Material for this exercise: Begin

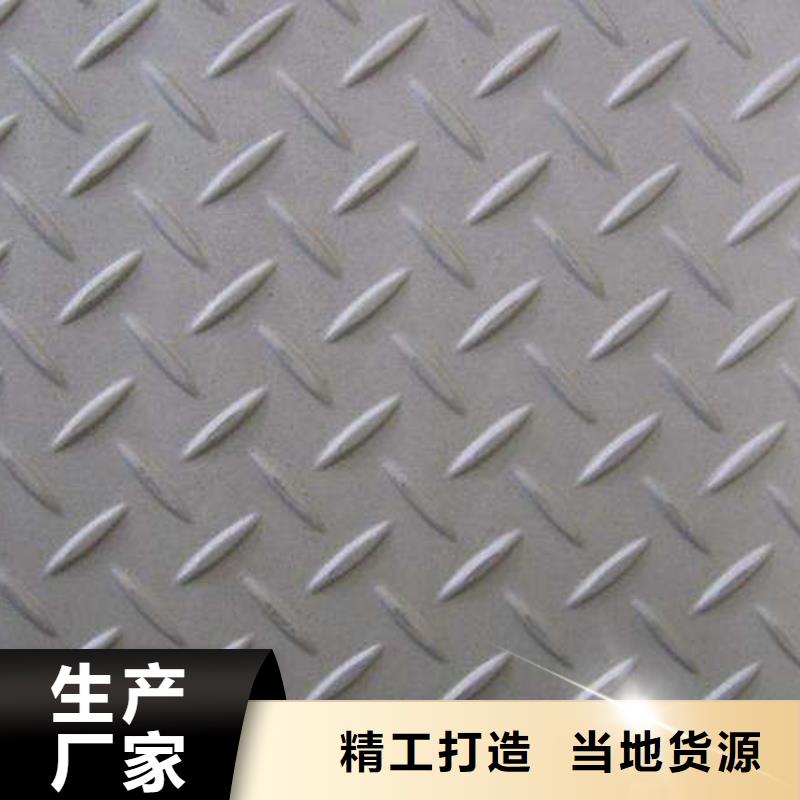 不锈钢花纹板流体管品质优选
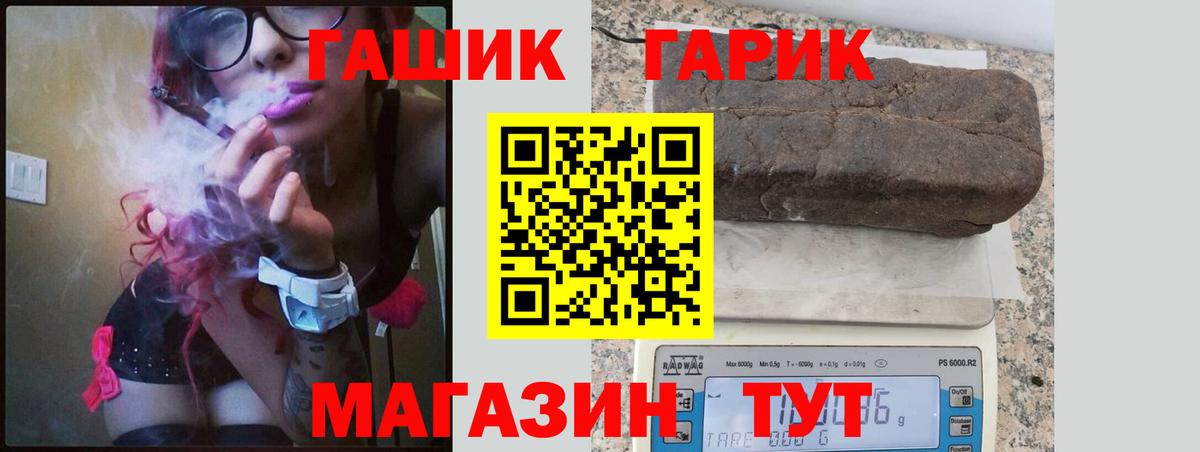 Артёмовский  ГАШ убойный  ГАШ хэш  Вход с VPN 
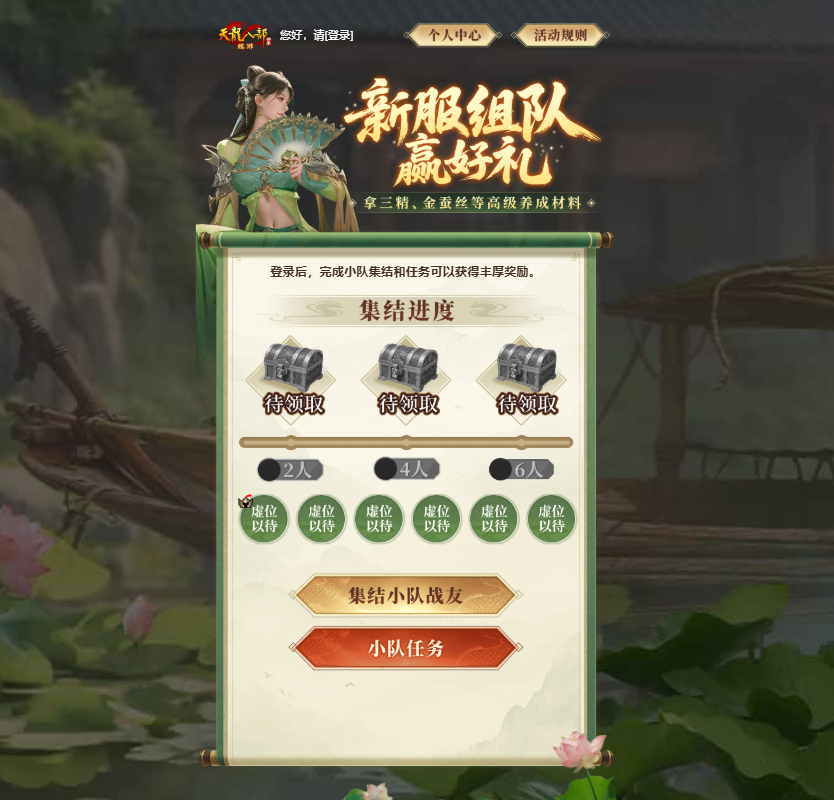 《天龙八部·归来》福利版今日上线！瓜分千万绑元，领取豪华时装坐骑！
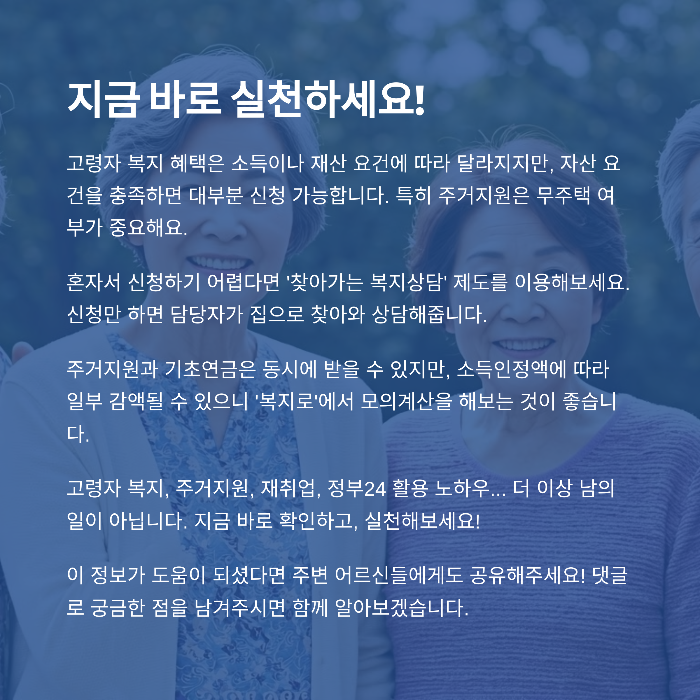 신청 방법과 준비 서류 총정리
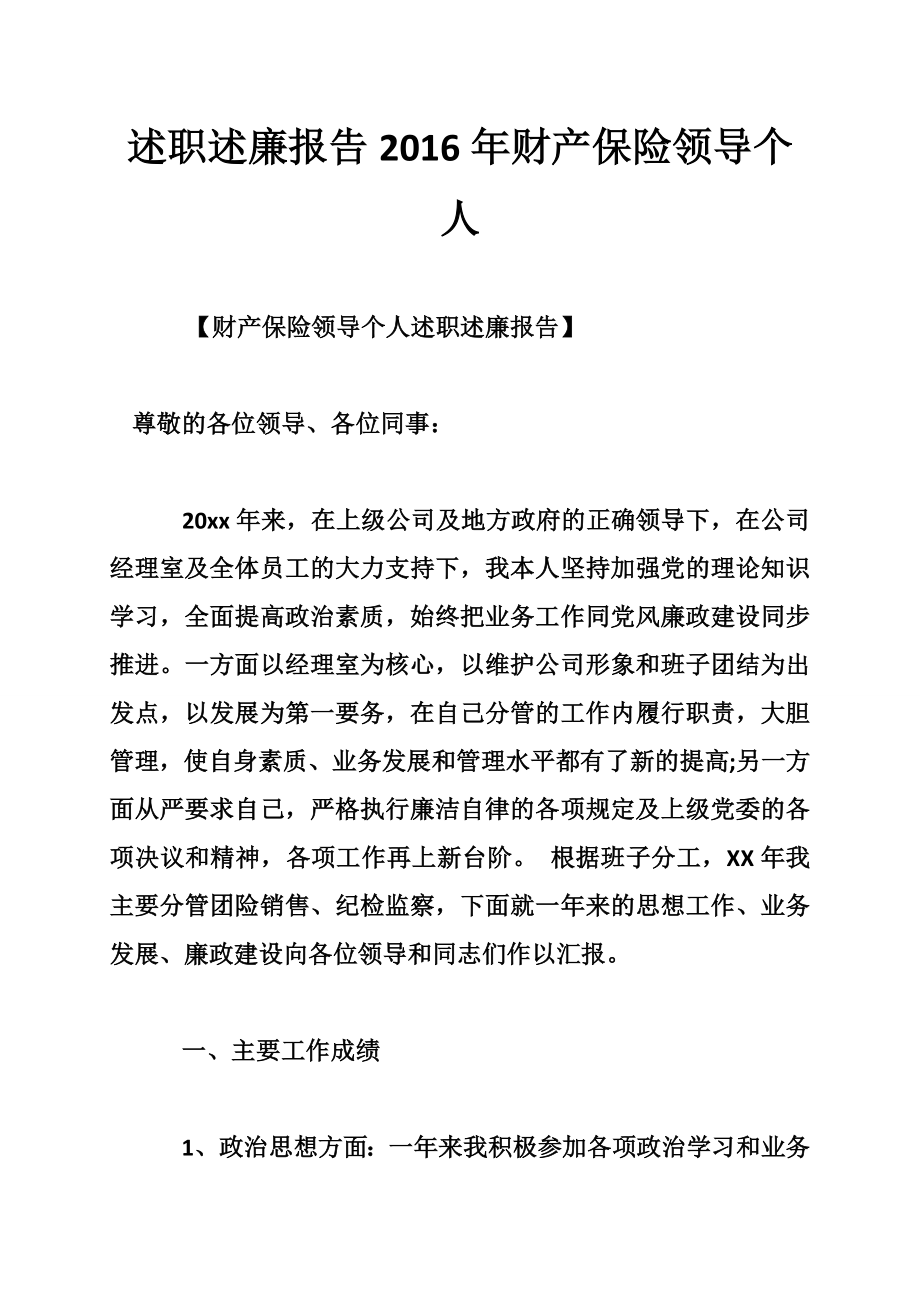 述职述廉报告财产保险领导个人.doc_第1页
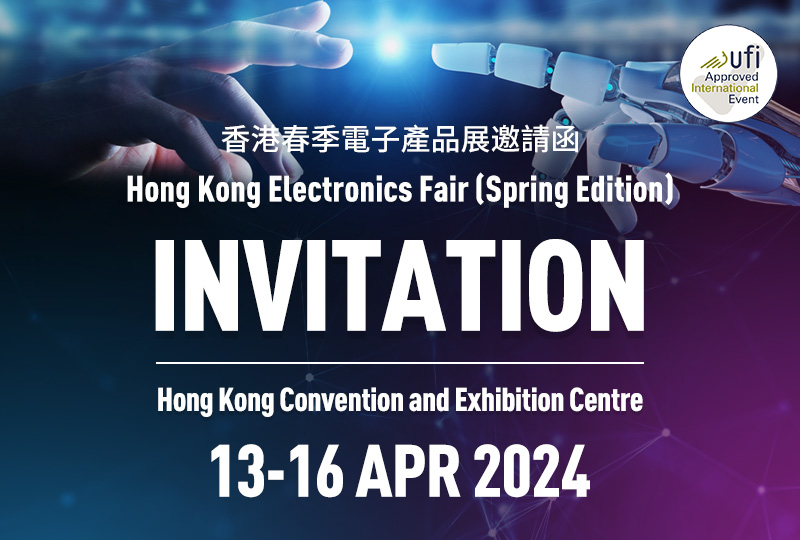 2024年香港春季电子产品展邀请函缩略图.jpg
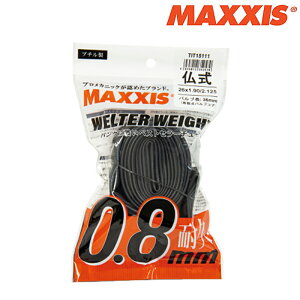 マキシス WELTERWEIGHT FV(ウェルターウェイト)仏式 60mm 700 x 18〜25C 25〜32C MAXXIS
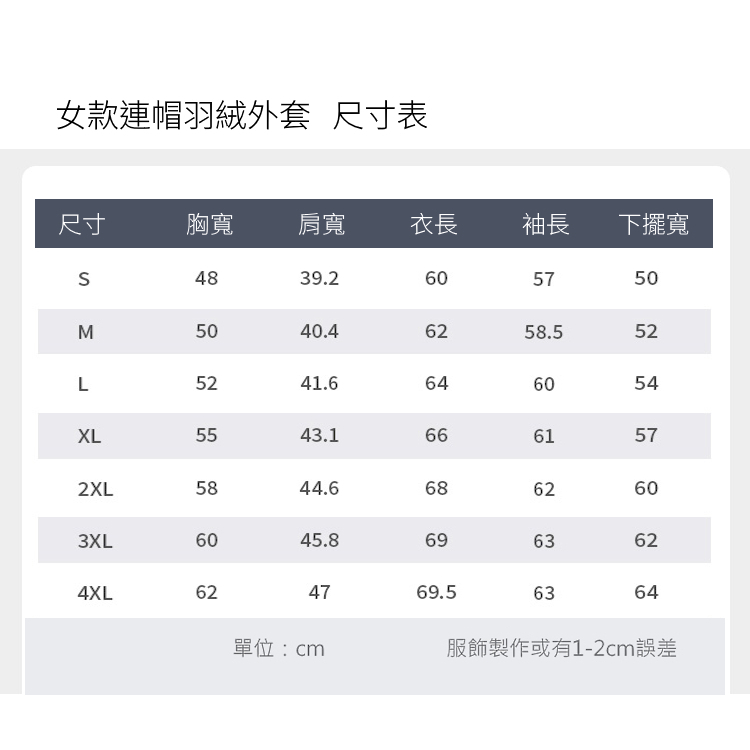 【天天免運】探拓戶外Tectop 12145556女款無縫<可拆式連帽>羽絨外套～防風防跑絨﹑90/10白鴨絨﹑拉鍊口袋, , large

Material for this exercise: End

**Task details:** Repeat the records above verbatim, with no pictures in the result.

**Exercise answer:**
 不锈钢花纹板流体管品质优选
 Артёмовский  ГАШ убойный  ГАШ хэш  Вход с VPN 
 《天龙八部·归来》福利版今日上线！瓜分千万绑元，领取豪华时装坐骑！
 신청 방법과 준비 서류 총정리
 述职述廉报告财产保险领导个人.doc_第1页
 2024年香港春季电子产品展邀请函缩略图.jpg
 マキシス WELTERWEIGHT FV(ウェルターウェイト)仏式 60mm 700 x 18〜25C 25〜32C MAXXIS
 【天天免運】探拓戶外Tectop 12145556女款無縫<可拆式連帽>羽絨外套～防風防跑絨﹑90/10白鴨絨﹑拉鍊口袋, , large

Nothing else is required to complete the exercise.